Plant emissions get scrubbed, and we recycle spent filter cake whenever possible, keeping our own shop as clean as we want our customers’ plants to be. From packing innovations that reduce dust and fines, to shipping methods that cut unnecessary double handling, we chase incremental improvements. Unlike many traders or marketers, as a manufacturer, we field every question from the floor and follow every shipment until it’s in production use.
Our industry constantly asks for new properties, tighter QC, better downstream compatibility, and true cost effectiveness. We believe hydrotalcite sits near the top tier among acid scavengers and stabilizer aids for thermoplastic resins, especially as requirements rise for lead- and tin-free systems worldwide.

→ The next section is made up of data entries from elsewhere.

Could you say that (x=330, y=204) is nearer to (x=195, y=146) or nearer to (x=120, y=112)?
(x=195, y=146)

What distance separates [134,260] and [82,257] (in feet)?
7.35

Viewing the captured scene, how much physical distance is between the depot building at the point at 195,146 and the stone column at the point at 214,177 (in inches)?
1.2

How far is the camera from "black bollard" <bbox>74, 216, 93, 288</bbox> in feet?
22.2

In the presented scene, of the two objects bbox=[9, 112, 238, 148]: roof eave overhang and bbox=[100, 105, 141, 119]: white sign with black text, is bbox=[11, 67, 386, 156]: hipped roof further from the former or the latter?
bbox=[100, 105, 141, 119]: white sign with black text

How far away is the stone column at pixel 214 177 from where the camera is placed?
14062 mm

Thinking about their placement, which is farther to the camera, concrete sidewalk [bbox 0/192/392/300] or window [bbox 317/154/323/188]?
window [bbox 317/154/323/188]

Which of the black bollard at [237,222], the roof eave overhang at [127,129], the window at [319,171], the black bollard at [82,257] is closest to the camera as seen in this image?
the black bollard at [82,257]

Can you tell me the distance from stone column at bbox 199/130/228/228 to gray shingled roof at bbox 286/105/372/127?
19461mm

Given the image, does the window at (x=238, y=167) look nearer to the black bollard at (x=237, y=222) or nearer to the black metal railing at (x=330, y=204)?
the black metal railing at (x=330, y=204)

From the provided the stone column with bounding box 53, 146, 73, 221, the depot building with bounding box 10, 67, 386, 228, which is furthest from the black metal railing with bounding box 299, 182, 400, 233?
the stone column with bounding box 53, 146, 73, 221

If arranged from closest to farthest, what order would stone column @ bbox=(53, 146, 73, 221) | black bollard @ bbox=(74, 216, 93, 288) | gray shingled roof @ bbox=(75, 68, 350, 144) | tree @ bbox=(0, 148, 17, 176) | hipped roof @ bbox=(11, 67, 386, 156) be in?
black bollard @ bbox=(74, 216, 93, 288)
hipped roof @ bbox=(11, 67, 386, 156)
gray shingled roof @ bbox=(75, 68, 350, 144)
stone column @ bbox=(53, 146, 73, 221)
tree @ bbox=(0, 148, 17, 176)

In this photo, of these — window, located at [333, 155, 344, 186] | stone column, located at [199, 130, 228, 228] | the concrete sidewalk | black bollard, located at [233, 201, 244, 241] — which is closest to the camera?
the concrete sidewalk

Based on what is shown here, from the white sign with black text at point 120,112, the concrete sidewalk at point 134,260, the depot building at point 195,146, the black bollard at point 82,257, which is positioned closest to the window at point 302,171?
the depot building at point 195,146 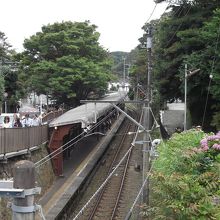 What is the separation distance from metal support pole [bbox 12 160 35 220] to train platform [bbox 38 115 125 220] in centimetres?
1138

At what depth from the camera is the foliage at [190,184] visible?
18.9 ft

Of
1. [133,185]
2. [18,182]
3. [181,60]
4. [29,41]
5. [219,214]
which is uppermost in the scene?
[29,41]

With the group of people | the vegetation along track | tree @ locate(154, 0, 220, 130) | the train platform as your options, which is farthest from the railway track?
tree @ locate(154, 0, 220, 130)

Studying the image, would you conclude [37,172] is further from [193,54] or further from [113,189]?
[193,54]

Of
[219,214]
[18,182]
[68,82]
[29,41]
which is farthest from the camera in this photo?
[29,41]

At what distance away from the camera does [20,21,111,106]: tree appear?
3491 cm

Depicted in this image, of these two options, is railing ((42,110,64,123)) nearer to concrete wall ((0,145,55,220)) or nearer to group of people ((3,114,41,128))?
group of people ((3,114,41,128))

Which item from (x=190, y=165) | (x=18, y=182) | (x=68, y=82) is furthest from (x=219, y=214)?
(x=68, y=82)

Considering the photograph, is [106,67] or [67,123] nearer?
[67,123]

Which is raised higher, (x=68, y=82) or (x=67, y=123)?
(x=68, y=82)

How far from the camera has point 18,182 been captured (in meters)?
3.48

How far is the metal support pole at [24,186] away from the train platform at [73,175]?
11.4 metres

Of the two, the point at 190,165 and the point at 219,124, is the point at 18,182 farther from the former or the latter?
the point at 219,124

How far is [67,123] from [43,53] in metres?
15.3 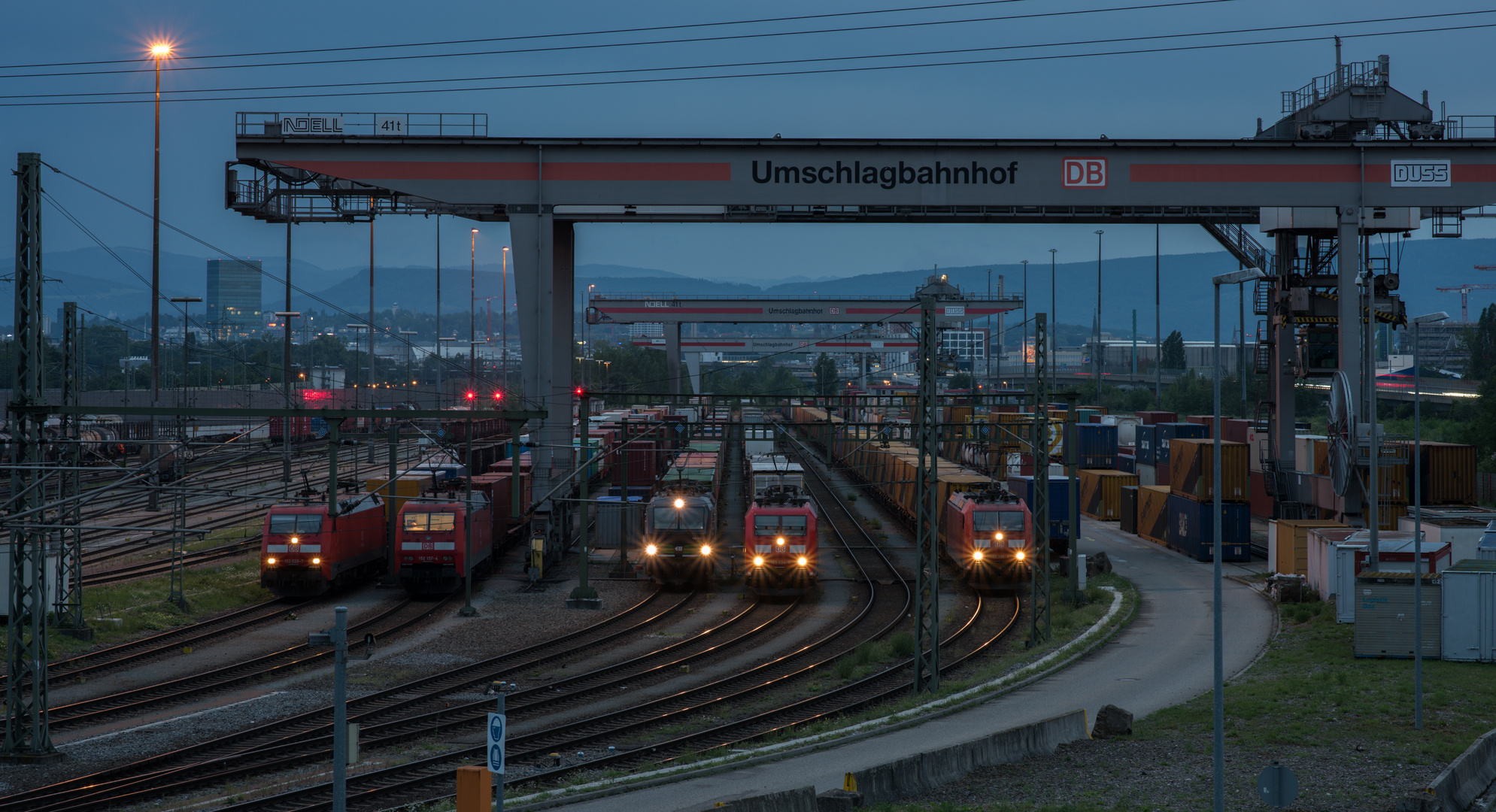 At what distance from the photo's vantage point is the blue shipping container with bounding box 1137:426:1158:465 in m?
57.8

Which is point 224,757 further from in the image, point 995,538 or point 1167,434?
point 1167,434

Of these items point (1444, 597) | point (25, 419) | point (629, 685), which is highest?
point (25, 419)

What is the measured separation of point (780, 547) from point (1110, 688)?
12284mm

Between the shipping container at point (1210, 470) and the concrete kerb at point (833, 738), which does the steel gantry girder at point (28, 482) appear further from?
the shipping container at point (1210, 470)

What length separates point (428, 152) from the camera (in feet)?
97.3

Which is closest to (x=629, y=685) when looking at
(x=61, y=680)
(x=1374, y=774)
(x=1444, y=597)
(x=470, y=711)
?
(x=470, y=711)

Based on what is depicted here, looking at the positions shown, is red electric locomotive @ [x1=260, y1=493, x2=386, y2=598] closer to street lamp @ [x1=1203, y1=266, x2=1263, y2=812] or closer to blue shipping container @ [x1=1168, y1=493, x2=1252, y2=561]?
street lamp @ [x1=1203, y1=266, x2=1263, y2=812]

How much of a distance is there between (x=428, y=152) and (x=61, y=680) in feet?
49.0

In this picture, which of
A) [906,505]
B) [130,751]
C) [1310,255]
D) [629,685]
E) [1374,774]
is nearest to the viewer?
[1374,774]

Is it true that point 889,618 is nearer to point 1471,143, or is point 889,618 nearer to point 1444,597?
point 1444,597

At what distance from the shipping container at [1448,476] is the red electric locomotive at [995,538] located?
17610mm

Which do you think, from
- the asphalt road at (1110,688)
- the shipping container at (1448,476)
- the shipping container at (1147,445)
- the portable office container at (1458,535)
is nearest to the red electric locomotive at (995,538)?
the asphalt road at (1110,688)

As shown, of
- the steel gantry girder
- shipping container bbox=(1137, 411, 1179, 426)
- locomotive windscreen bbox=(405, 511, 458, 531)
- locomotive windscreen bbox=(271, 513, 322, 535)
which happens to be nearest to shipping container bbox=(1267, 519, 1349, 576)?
locomotive windscreen bbox=(405, 511, 458, 531)

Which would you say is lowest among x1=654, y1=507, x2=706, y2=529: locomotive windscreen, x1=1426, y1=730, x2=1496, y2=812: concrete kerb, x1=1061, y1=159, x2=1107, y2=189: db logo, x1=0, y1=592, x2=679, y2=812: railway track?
x1=0, y1=592, x2=679, y2=812: railway track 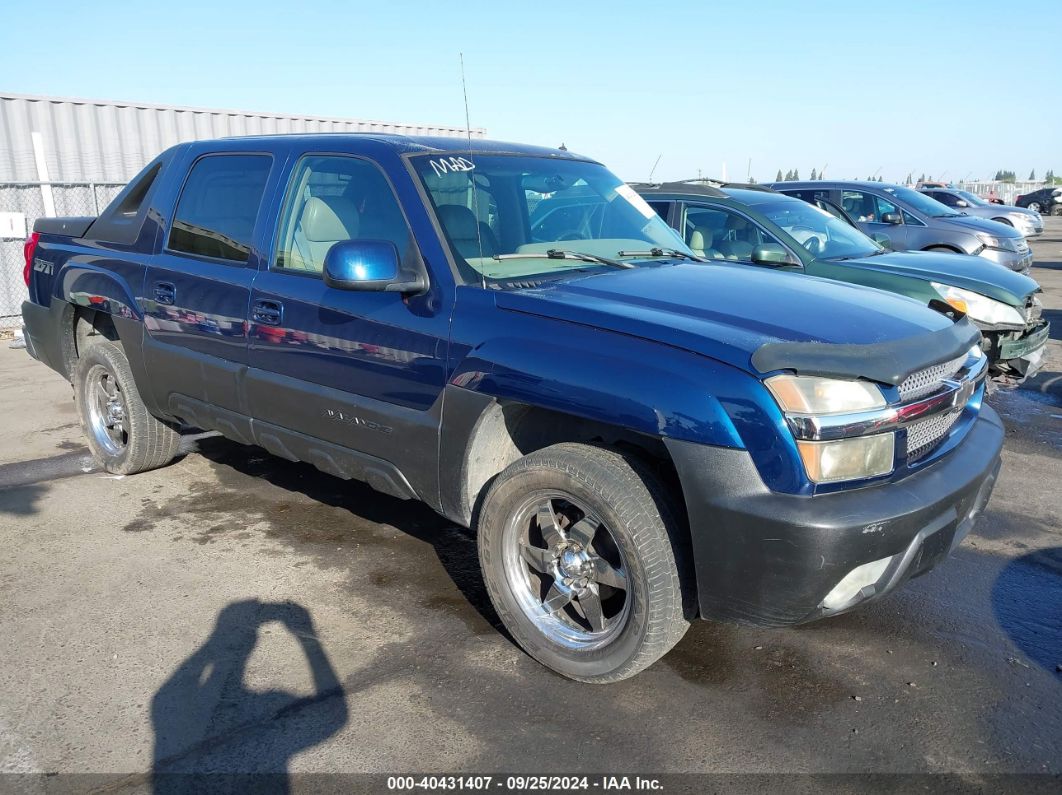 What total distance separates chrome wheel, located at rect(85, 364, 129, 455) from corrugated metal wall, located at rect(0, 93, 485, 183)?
6.18m

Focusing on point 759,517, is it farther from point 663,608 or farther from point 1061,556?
point 1061,556

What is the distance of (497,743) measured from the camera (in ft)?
9.07

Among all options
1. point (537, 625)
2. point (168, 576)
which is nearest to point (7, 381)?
point (168, 576)

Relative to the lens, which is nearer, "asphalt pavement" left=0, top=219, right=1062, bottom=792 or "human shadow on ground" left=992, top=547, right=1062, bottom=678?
"asphalt pavement" left=0, top=219, right=1062, bottom=792

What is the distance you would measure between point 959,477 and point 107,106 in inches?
495

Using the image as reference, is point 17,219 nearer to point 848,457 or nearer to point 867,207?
point 848,457

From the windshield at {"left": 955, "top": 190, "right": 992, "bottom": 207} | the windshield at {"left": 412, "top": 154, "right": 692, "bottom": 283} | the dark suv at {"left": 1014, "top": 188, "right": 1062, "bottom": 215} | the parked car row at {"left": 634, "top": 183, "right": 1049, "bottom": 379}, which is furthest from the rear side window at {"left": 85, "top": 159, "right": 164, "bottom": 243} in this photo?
the dark suv at {"left": 1014, "top": 188, "right": 1062, "bottom": 215}

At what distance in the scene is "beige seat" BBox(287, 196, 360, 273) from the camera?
12.5 ft

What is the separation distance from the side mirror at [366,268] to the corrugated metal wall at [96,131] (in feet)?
26.2

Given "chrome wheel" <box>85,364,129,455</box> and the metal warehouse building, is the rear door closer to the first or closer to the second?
"chrome wheel" <box>85,364,129,455</box>

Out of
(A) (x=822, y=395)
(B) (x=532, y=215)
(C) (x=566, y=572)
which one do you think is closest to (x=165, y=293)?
(B) (x=532, y=215)

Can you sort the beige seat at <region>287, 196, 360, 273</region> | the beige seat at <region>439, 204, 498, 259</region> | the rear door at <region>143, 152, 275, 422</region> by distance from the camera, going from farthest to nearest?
1. the rear door at <region>143, 152, 275, 422</region>
2. the beige seat at <region>287, 196, 360, 273</region>
3. the beige seat at <region>439, 204, 498, 259</region>

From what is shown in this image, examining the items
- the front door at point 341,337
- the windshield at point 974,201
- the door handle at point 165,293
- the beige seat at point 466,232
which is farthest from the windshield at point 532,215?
the windshield at point 974,201

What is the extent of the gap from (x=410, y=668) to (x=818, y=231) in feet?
18.4
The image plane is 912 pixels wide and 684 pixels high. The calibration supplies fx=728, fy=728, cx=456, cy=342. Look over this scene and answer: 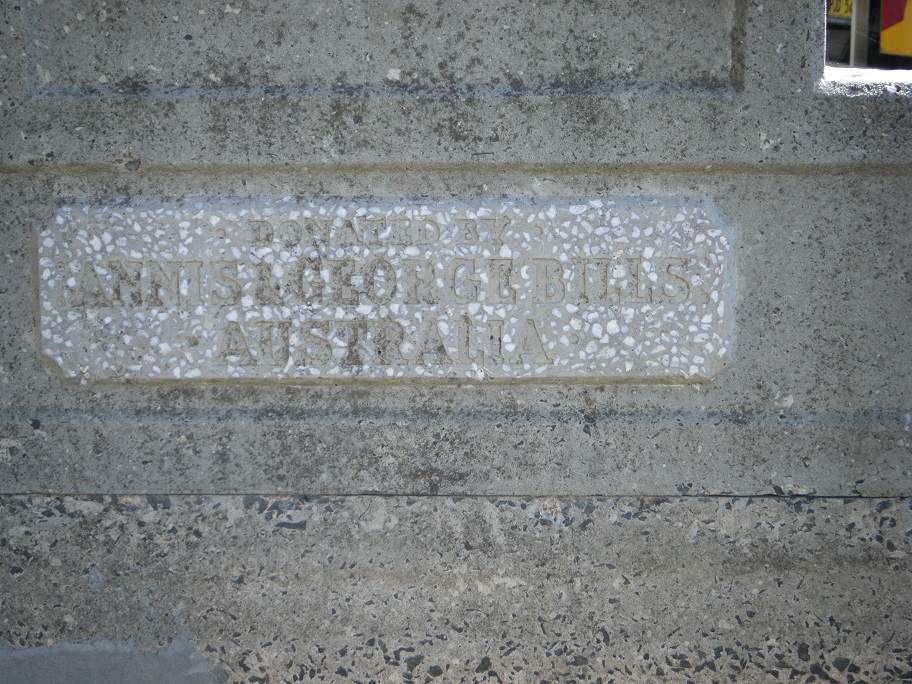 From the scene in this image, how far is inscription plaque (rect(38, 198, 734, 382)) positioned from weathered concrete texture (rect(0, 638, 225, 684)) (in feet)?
2.51

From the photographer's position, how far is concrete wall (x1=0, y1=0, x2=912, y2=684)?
5.91ft

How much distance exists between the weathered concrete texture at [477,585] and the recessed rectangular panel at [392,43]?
1.07m

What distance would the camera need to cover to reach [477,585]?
189 centimetres

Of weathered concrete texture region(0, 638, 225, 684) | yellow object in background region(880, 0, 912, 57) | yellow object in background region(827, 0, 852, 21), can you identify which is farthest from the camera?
yellow object in background region(827, 0, 852, 21)

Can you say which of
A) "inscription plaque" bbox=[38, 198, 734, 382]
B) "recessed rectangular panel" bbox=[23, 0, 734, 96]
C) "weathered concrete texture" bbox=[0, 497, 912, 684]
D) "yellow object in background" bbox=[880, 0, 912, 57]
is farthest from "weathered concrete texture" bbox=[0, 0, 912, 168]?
"yellow object in background" bbox=[880, 0, 912, 57]

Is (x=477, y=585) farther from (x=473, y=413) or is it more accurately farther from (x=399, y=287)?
(x=399, y=287)

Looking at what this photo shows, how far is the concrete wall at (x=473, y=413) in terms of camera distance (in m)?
1.80

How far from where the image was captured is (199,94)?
71.6 inches

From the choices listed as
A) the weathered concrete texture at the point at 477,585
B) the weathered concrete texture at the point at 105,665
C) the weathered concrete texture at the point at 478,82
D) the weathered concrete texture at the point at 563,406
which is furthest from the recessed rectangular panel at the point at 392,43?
the weathered concrete texture at the point at 105,665

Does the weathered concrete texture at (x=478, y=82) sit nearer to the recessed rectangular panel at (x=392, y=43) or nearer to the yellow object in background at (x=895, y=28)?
the recessed rectangular panel at (x=392, y=43)

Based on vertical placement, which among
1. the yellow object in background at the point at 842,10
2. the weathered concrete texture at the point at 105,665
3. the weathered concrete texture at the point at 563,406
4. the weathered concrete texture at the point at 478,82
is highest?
the yellow object in background at the point at 842,10

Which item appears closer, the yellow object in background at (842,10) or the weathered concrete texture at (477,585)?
the weathered concrete texture at (477,585)

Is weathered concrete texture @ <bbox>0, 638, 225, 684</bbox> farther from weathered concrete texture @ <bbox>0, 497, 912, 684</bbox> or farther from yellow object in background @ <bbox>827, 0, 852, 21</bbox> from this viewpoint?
yellow object in background @ <bbox>827, 0, 852, 21</bbox>

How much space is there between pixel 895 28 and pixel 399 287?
234 centimetres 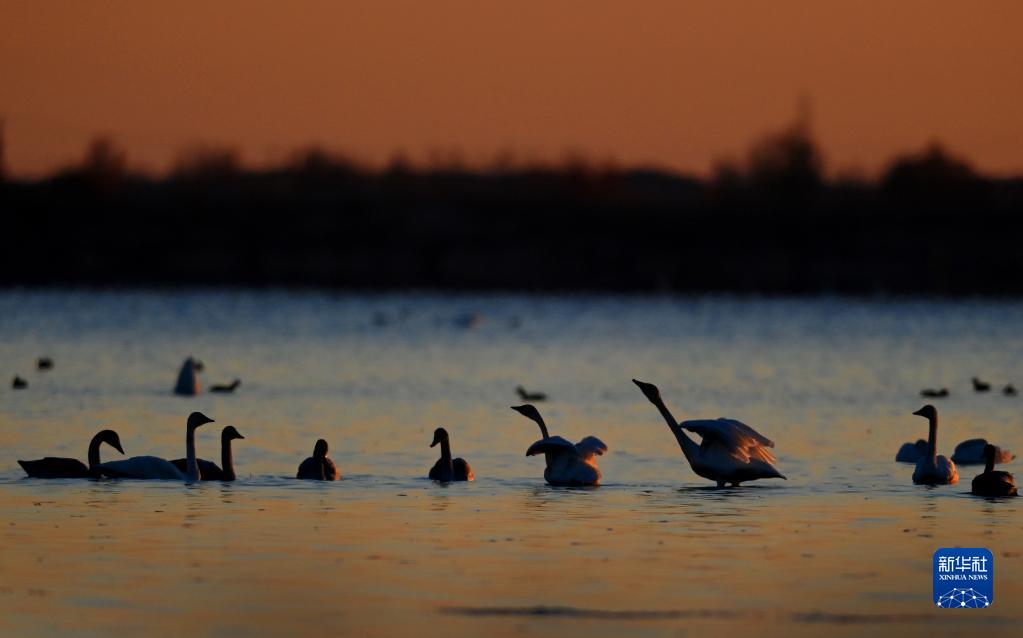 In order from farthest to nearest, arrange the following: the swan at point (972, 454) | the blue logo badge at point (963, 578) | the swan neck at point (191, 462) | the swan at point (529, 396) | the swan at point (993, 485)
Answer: the swan at point (529, 396)
the swan at point (972, 454)
the swan neck at point (191, 462)
the swan at point (993, 485)
the blue logo badge at point (963, 578)

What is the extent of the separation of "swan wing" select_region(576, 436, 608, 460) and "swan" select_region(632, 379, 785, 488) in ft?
2.43

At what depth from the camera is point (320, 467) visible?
18812 mm

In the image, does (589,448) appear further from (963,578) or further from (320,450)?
(963,578)

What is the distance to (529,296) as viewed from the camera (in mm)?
94500

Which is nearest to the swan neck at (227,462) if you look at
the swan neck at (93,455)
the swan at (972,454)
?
the swan neck at (93,455)

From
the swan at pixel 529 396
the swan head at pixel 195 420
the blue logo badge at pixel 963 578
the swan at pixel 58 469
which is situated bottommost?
the blue logo badge at pixel 963 578

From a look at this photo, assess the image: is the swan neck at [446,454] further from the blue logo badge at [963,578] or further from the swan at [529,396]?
the swan at [529,396]

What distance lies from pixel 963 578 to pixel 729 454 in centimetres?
561

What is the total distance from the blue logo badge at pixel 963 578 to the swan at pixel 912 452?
702 centimetres

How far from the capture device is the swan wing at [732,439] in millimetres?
18422

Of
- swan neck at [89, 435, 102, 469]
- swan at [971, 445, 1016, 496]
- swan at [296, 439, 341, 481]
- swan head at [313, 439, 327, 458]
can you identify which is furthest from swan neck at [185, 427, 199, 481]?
swan at [971, 445, 1016, 496]

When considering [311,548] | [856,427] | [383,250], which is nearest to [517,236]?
Result: [383,250]

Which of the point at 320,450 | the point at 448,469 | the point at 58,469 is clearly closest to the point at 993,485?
the point at 448,469

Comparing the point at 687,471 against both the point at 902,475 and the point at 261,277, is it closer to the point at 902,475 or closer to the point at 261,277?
the point at 902,475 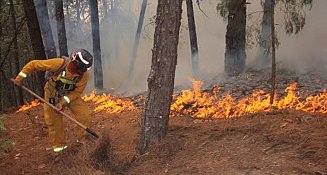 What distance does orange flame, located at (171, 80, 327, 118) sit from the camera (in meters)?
8.18

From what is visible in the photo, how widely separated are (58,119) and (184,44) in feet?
69.9

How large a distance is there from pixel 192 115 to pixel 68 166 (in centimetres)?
322

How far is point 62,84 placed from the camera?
7.49 metres

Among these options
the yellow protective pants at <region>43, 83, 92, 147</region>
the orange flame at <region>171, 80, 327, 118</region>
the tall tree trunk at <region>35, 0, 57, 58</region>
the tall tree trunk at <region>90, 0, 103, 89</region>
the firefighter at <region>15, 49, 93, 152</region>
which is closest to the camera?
the firefighter at <region>15, 49, 93, 152</region>

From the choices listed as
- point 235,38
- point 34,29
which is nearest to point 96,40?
point 34,29

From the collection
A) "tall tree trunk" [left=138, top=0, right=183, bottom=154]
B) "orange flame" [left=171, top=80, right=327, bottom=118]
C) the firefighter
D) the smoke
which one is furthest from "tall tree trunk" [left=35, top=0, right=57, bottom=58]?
"tall tree trunk" [left=138, top=0, right=183, bottom=154]

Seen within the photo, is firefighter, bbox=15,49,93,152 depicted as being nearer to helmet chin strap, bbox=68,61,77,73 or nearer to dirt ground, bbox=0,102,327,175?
helmet chin strap, bbox=68,61,77,73

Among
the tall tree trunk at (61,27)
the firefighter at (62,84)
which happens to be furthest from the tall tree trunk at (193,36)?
the firefighter at (62,84)

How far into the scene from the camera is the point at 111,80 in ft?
92.0

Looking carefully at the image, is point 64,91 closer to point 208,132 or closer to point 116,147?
point 116,147

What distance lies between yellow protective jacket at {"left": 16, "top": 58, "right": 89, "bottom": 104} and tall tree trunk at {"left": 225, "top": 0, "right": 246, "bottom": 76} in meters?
5.97

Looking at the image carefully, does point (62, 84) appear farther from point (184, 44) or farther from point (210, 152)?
point (184, 44)

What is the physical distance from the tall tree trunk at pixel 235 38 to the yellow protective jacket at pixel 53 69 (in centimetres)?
597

Manufacturers dealing with high clarity, rapid cycling, and environmental safety find real-world value in a tightly specified, tested, and reliable hydrotalcite. Drawing from decades watching line runs, troubleshooting, and direct feedback, we built our product to solve headaches — not just tick boxes. Direct technical support, open trials, and ongoing dialogue let us keep refining what we bring to market.
Every kilo is a sum of honest chemistry, robust process, and thousands of hours troubleshooting in the field. The end benefit is fewer shutdowns, cleaner product, and materials that can cross regulatory borders without worry.